Assess your investments’ regulatory risk exposure
In selecting markets for investment, decision-makers should understand the risks that investment regulations may present. Two main factors affect investments’ regulatory risk. First, where does the company’s funding originate? The presence of shareholders or limited partners with government affiliations (such as sovereign wealth funds), for example, could limit the company’s options, especially if those organizations have representation on the board of directors. Leaders may find that companies in their portfolios have “secret beneficial owners” that hail from jurisdictions and can trigger investment restrictions. Foreign governments could leverage anonymous investment mechanisms as part of their strategies to expand influence.
Second, where are the assets or investments currently deployed (by geography, customer, and industry)? Operations in high-risk jurisdictions, ties to foreign military or defense sector companies, and links to a country’s strategic projects (such as China’s Belt and Road Initiative) can all increase an investment’s risk profile.

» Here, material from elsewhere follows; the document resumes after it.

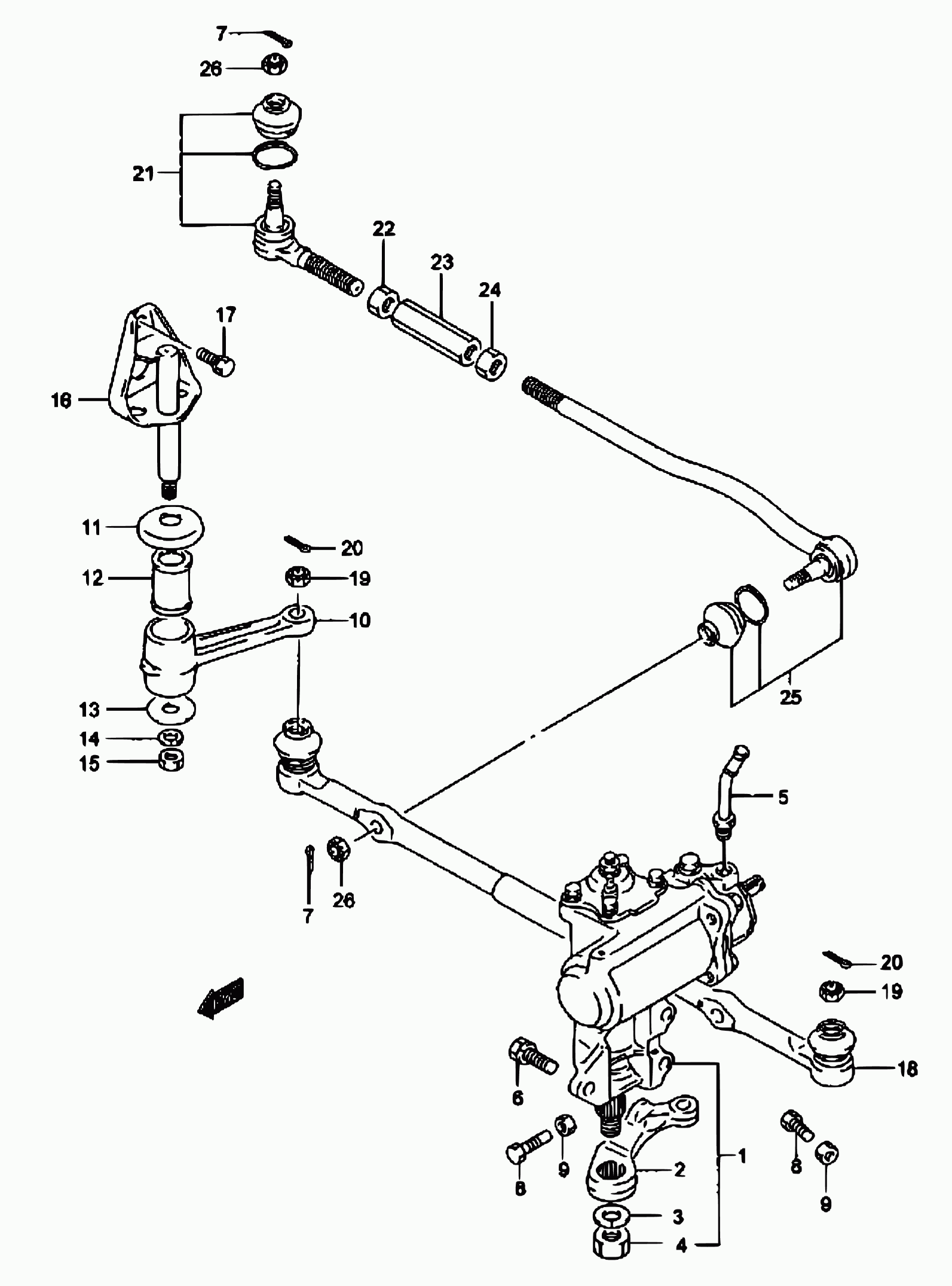 Suzuki 48820-85C00 - Raidetangon pää onlydrive.pro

For example, CFIUS pays particularly close attention to foreign investments in sensitive US companies when the same investors also hold stakes in Chinese companies. Under the America First Investment Policy, the United States has advised foreign investors to avoid partnering with countries it considers adversaries if the investors wish to qualify for the fast-track process, which is expected to streamline approvals for investors from trusted allies in critical US industries.
Understand the implications of capital controls
Governments can limit investors’ ability to sell their investments on geopolitical or economic grounds. For example, a company might wish to divest a high-risk asset and allocate those funds to a US opportunity but be prevented from doing so by restrictions on capital outflows in the country they seek to divest from. It’s important to remember that capital controls can change suddenly as geopolitical developments evolve. In 2022, for example, the Russian government imposed limits on the transfer of dividends and profits abroad, effectively restricting foreign investors’ ability to repatriate profits from their investments in Russia. While Russia and other countries have tightened capital controls, some countries— Argentina, China, and India among them—have been easing such restrictions.
Understanding the evolving investment controls landscape can enable companies and institutional investors to reduce risk while potentially identifying innovative investment plays. Incorporating geopolitical-risk analysis early in decision-making can help companies thrive in today’s global markets.